╭─ SUPPLIED DATA
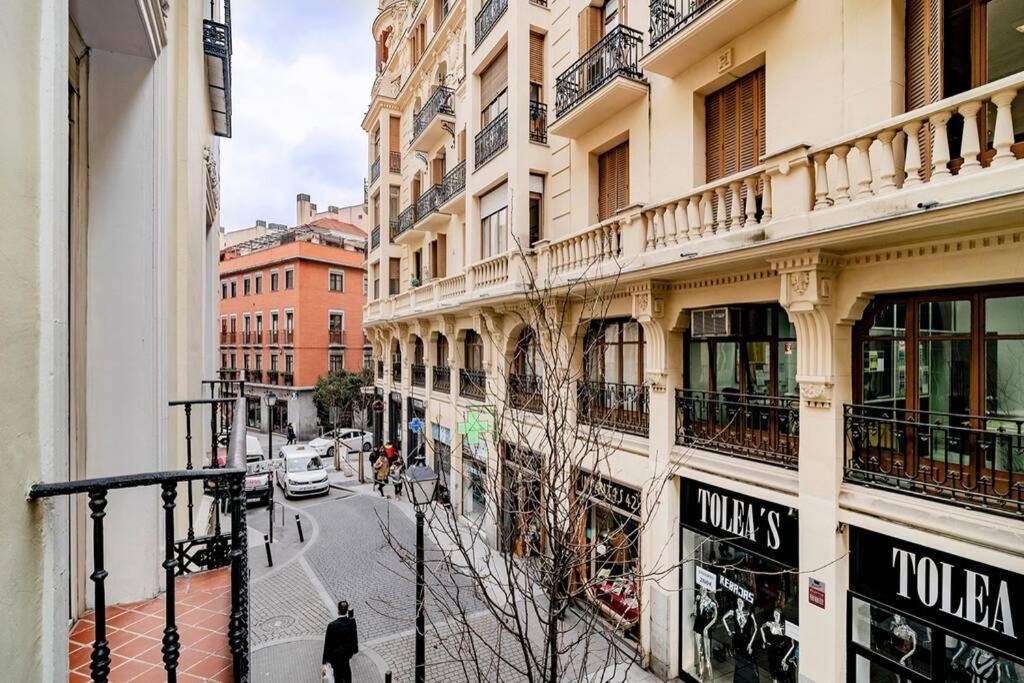 شقة Encantador Apartamento En Chueca Junto A Gran Via, Infantas 1-1 By Batuecas مدريد المظهر الخارجي الصورة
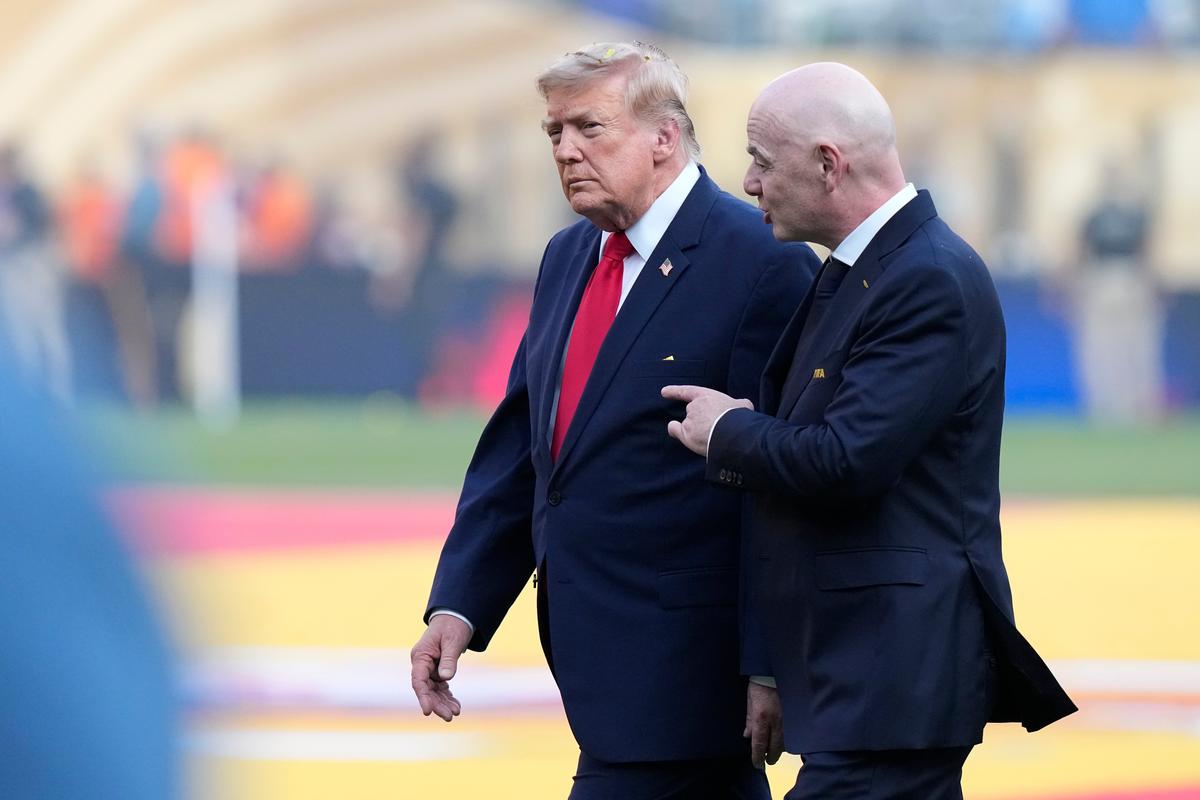 Fiasko pre prezidenta svetového futbalu. Chrbtom sa mu otočil aj samotný Trump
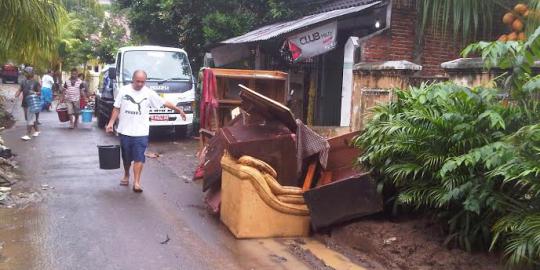 Banjir bandang, jalanan Kota Manado bak toko mebel & elektronik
╰─
## EXERCISE INSTRUCTIONS
Return the listing above in full and exactly, omitting all pictures.

## EXERCISE ANSWER
 شقة Encantador Apartamento En Chueca Junto A Gran Via, Infantas 1-1 By Batuecas مدريد المظهر الخارجي الصورة
 Fiasko pre prezidenta svetového futbalu. Chrbtom sa mu otočil aj samotný Trump
 Banjir bandang, jalanan Kota Manado bak toko mebel & elektronik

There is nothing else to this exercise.